やればできる子だから
私の索敵と隠ぺいの魔法を見たウルバルは重々しい口調で私に言った。
「……君はどこを目指しているんだ?」
「どこと言いますと?」
「職業的に言えば暗殺者の類だな」
「ええっと、職業的にはどこも目指していません」
「ではなぜそこまで水準の高いレベルを目指す?」
「あ~う~え~っと……何ともうしましょうか……敵を知る、という感じ?」
どういう感じだよそれ、と自分で心の中で突っ込みを入れていると、ウルバルもそんな目で私を見ていた。
小さくため息をつくと、ウルバルはナーガを呼んだ。
「お呼びでしょうか?」
慇懃無礼な態度で恭しくナーガがウルバルの前で一礼する。
「お前たちは彼女に何をさせたい?逃げるだけならここまでやる必要はないはずだ」
何やらウルバルさんはお怒りのようです。
「私のレベルって、どの程度なんですか?」
「隠ぺいに限ればプロ級だな」
それはもちろん、暗殺者の、だよね?
うつろに笑う私からナーガが目をそらした。
「お嬢様には隠ぺい魔法の素質がございました」
表情一つ変えずにしれっとナーガがのたまう。
「伸ばしてみたくなるのが人の業というものでしょう」
「ナーガは人族じゃないじゃんっ!」
つい全力で突っ込んでしまった私をよそにウルバルはため息をついた。
「どこまで伸びるのか、いやさ最高峰まで到達可能と判断した故にそこに至る道筋を最短に考えた結果でございます」
「言っていることはもっともらしいけどやっていることは普通じゃないよね?」
最短ルートの結果が魔物の巣に放り込むという荒行。
今までの無茶ぶり修行に息が荒くなるまで文句を言った。
「よく死ななかったな……」
美形の憐れむ表情って半端ないっすね……心が痛いっす……。
膝から崩れ落ちたい……。
「ナーガが治療魔法を使えるから……」
「殺される前にちゃんとナギ殿が追い払い、私がけがを治しておりました。お嬢様の玉の肌には一筋の傷すら残っておりません」
いや、そこはドヤ顔で言う事じゃないからね。
普通は傷つけません、だよね?
ほんと、久々に殺意がわいたよ?
会ったことのないバカ息子と酒を交わしながら一晩じっくりと執事について語り合いたい気分だよ。

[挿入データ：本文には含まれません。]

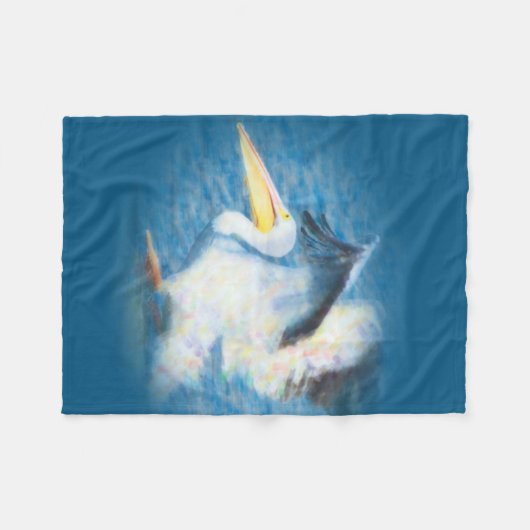 couverture d'ouatine du pélican 17 d'aquarelle (Devant (Horizontal))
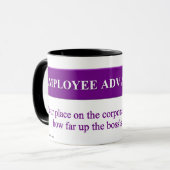 従業員の進歩のシンボルや象徴 マグカップ (正面左)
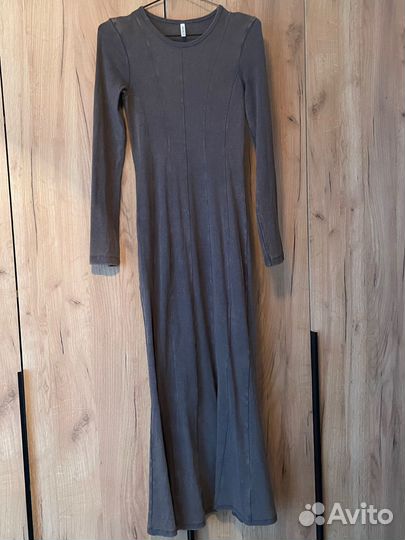 Платье с вываренным эффектом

「彼女に目指す気持ちがないなら、これ以上は必要がない」
ウルバルは私を探るような鋭い視線を向けてきた。
「俄然、君という女性に興味がわいてきたよ」
あまり嬉しくない言い方だ。
「聖獣と魔族を従えた、常識を知らない女性か」
貴族の愛人の子供だが魔法が使えるので本宅に引き取られたが何か事情があって逃げ出して今に至る。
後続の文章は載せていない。